» TASK INSTRUCTIONS
Give back the lines of the records exactly, starting at the first and ending at the one with "Maxi Cosi Babyschale neuwertig in Hamburg".

Dataset entries:
Segment Open

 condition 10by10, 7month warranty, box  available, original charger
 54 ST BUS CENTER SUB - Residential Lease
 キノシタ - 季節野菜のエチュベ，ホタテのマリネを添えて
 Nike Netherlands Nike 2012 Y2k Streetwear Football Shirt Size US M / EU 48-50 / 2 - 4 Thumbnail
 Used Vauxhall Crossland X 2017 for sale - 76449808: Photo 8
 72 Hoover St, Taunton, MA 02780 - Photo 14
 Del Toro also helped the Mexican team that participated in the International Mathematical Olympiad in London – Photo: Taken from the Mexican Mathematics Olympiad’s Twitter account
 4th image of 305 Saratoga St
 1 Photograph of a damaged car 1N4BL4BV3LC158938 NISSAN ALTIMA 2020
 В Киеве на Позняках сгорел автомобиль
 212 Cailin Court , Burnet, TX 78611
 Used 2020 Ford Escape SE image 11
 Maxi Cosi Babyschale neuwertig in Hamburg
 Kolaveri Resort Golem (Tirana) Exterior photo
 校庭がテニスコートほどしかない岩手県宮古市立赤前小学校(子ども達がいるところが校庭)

Segment Closed

» RESULT
 condition 10by10, 7month warranty, box  available, original charger
 54 ST BUS CENTER SUB - Residential Lease
 キノシタ - 季節野菜のエチュベ，ホタテのマリネを添えて
 Nike Netherlands Nike 2012 Y2k Streetwear Football Shirt Size US M / EU 48-50 / 2 - 4 Thumbnail
 Used Vauxhall Crossland X 2017 for sale - 76449808: Photo 8
 72 Hoover St, Taunton, MA 02780 - Photo 14
 Del Toro also helped the Mexican team that participated in the International Mathematical Olympiad in London – Photo: Taken from the Mexican Mathematics Olympiad’s Twitter account
 4th image of 305 Saratoga St
 1 Photograph of a damaged car 1N4BL4BV3LC158938 NISSAN ALTIMA 2020
 В Киеве на Позняках сгорел автомобиль
 212 Cailin Court , Burnet, TX 78611
 Used 2020 Ford Escape SE image 11
 Maxi Cosi Babyschale neuwertig in Hamburg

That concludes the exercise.